# Data provided:
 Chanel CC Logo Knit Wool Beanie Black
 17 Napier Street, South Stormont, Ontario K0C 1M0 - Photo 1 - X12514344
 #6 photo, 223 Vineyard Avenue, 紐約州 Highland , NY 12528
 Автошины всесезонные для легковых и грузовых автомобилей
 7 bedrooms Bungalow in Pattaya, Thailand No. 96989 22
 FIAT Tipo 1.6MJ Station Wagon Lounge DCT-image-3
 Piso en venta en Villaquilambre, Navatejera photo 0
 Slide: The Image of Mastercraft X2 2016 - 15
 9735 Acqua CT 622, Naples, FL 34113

# What the task requires:
Would you reproduce every record above exactly as it appears?

# Worked solution:
 Chanel CC Logo Knit Wool Beanie Black
 17 Napier Street, South Stormont, Ontario K0C 1M0 - Photo 1 - X12514344
 #6 photo, 223 Vineyard Avenue, 紐約州 Highland , NY 12528
 Автошины всесезонные для легковых и грузовых автомобилей
 7 bedrooms Bungalow in Pattaya, Thailand No. 96989 22
 FIAT Tipo 1.6MJ Station Wagon Lounge DCT-image-3
 Piso en venta en Villaquilambre, Navatejera photo 0
 Slide: The Image of Mastercraft X2 2016 - 15
 9735 Acqua CT 622, Naples, FL 34113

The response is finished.